Since AM = BP.NP, it seems the go to "reduction" to AM relies on randomized reductions to 3SAT rather than the Karp reductions we use for deterministic complexity classes.
This is a wrong intuition. Regardless of how you define your complexity class $\mathbb{C}$, if there exists any problem $\mathrm{A}\in \mathbb{C}$ such that for every problem $\mathrm{B}\in \mathbb{C}$, you have $\mathrm{B} \leq_p \mathrm{A}$, then $\mathrm{A}$ is a many-one complete problem of $\mathbb{C}$.
In fact, even a problem that is complete by randomized reductions for $\mathrm{AM}$ is not known.
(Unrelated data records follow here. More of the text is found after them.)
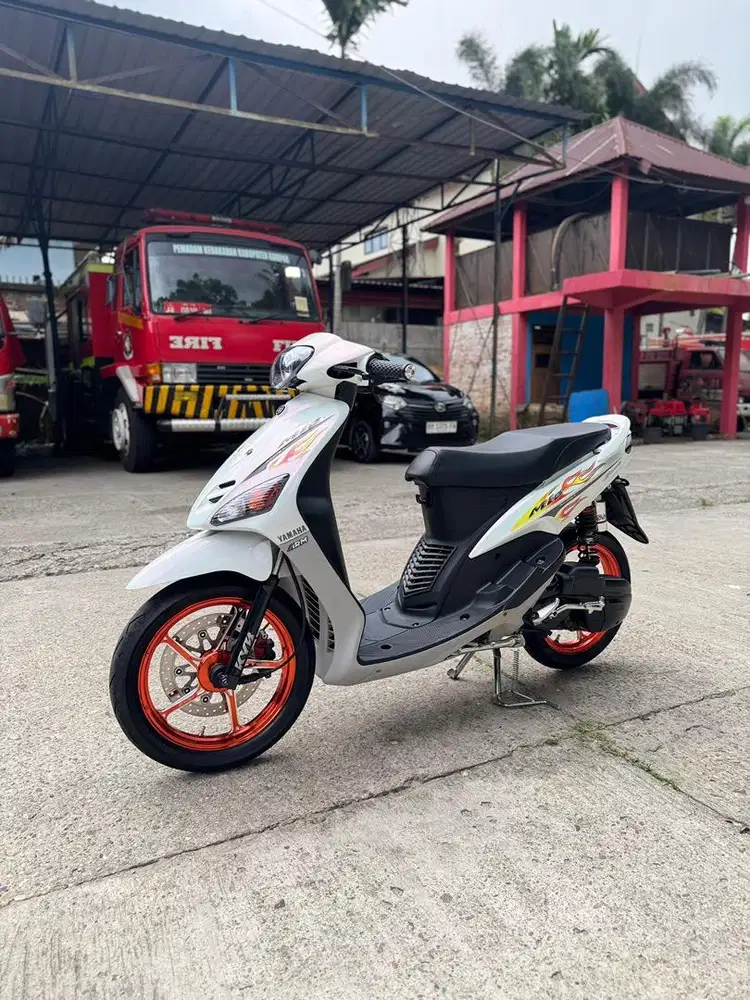 Mio sporty 2008 asli putih ss lengkap mesin sama part full restorasi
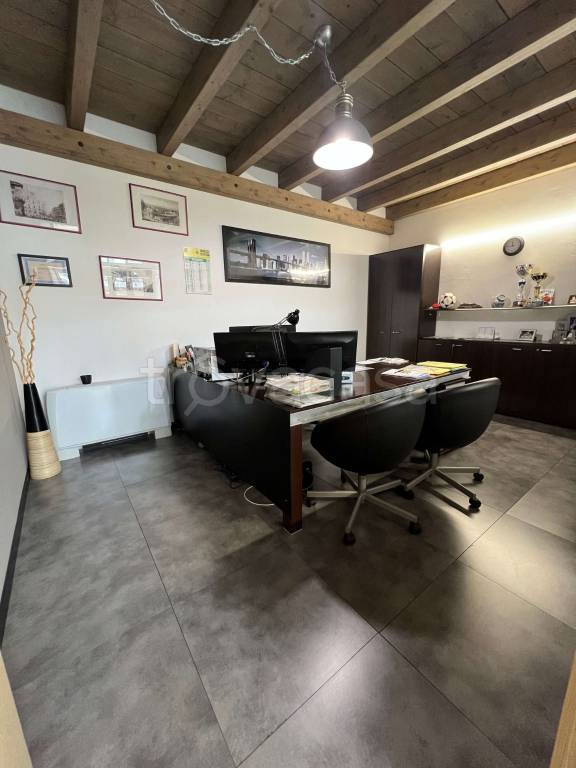 locale commerciale in vendita a Trezzano sul Naviglio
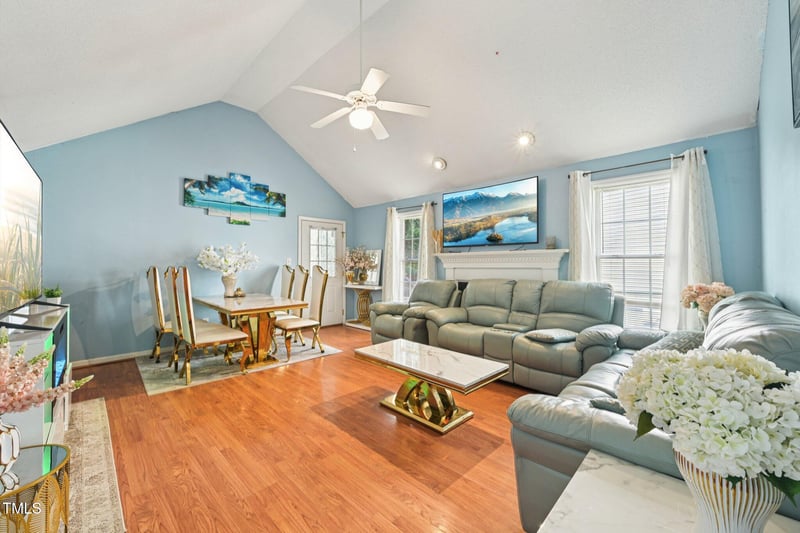 2636 Scattered Oak Ct, Raleigh, NC 27603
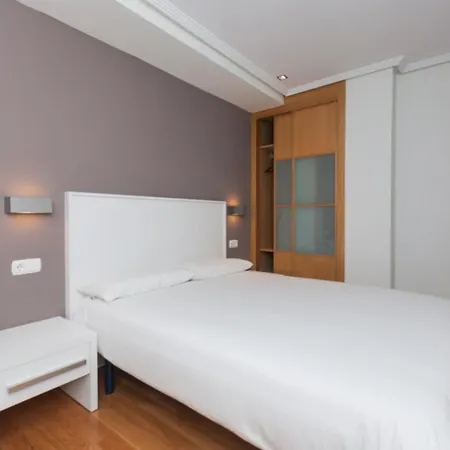Apartment Ulia C - Local Rentss *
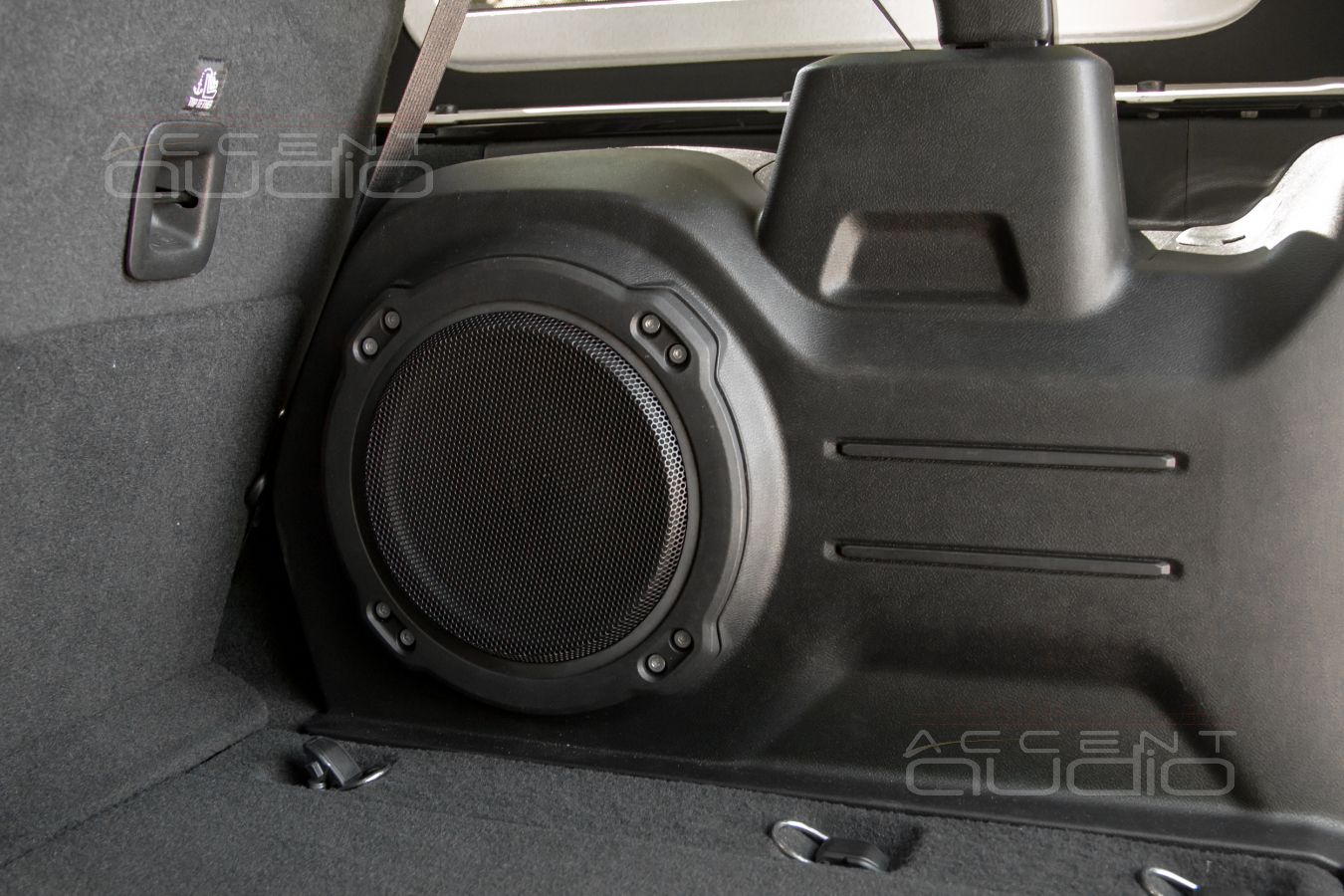 Сабвуфер Helix вместо подделки под Alpine для Jeep Wrangler Rubicon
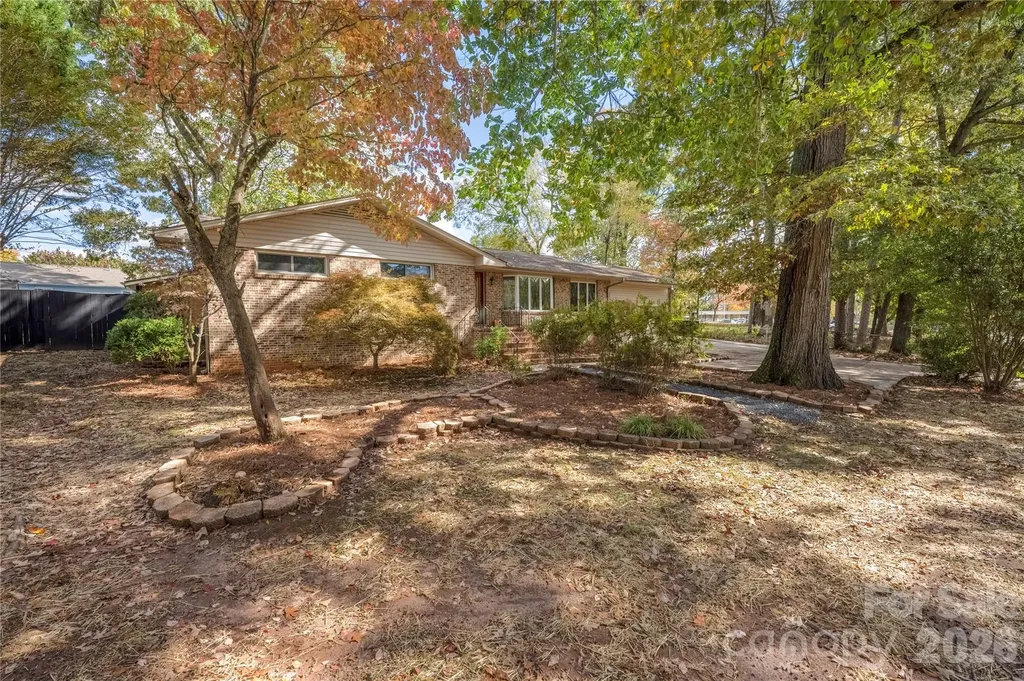 203 Ewing Drive Belmont NC 28012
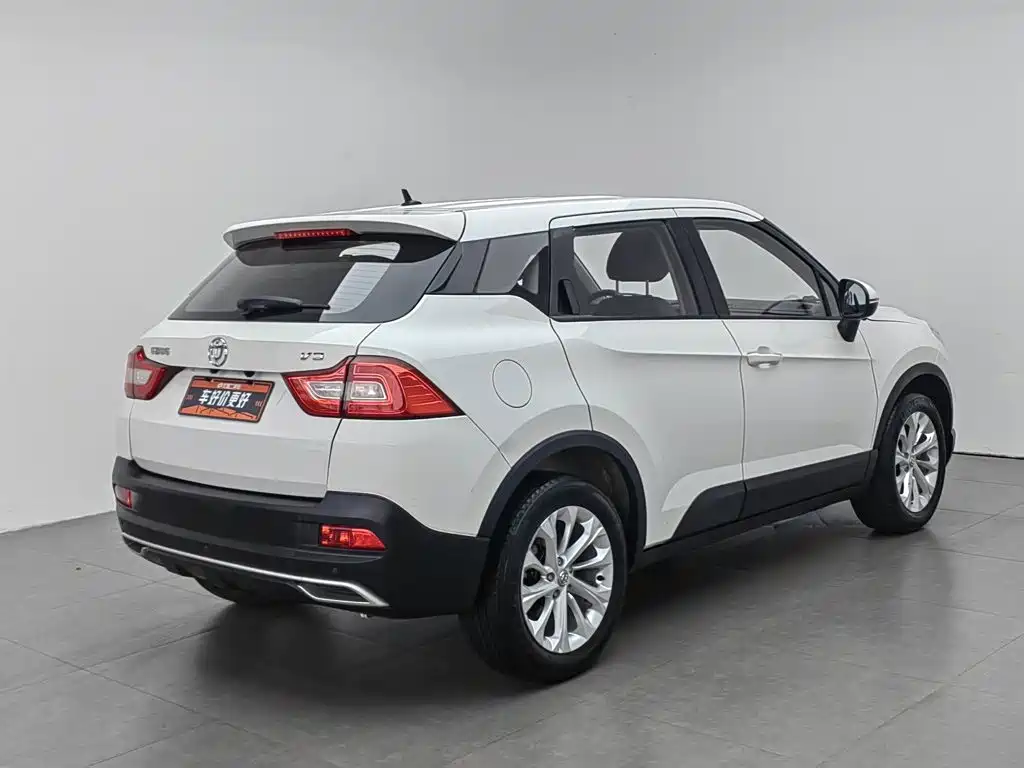 Zhonghua V3 2018 2017 1.5L Automatic Smart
Put in other word, it seems very hard to just pin down any particular decision problem in $\mathrm{AM}$ so that we can have some non-trivial reduction from other problems known to be in $\mathrm{AM}$.
See mathoverflow.net/questions/34469 and cstheory.stackexchange.com/questions/1233; in short, the definition of AM relies on a promise, and this makes it tricky to define a reduction. – sdcvvc
That is one of the obstacles on the way to find a complete problem for $\mathrm{AM}$. This is also applicable to $\mathrm{BPP}$, $\mathrm{RP}$, $\mathrm{co}$-$\mathrm{RP}$, $\mathrm{ZPP}$. These classes requires the poly-time probabilistic Turing machine to have bounded error probability on all instances. The situation is much easier for $\mathrm{PP}$, this class does not put any requirement on the error probability, whichever result has the higher probability is the answer of the machine so we can easily catch a complete problem for it, namely $\mathrm{MAJ}$-$\mathrm{SAT}$.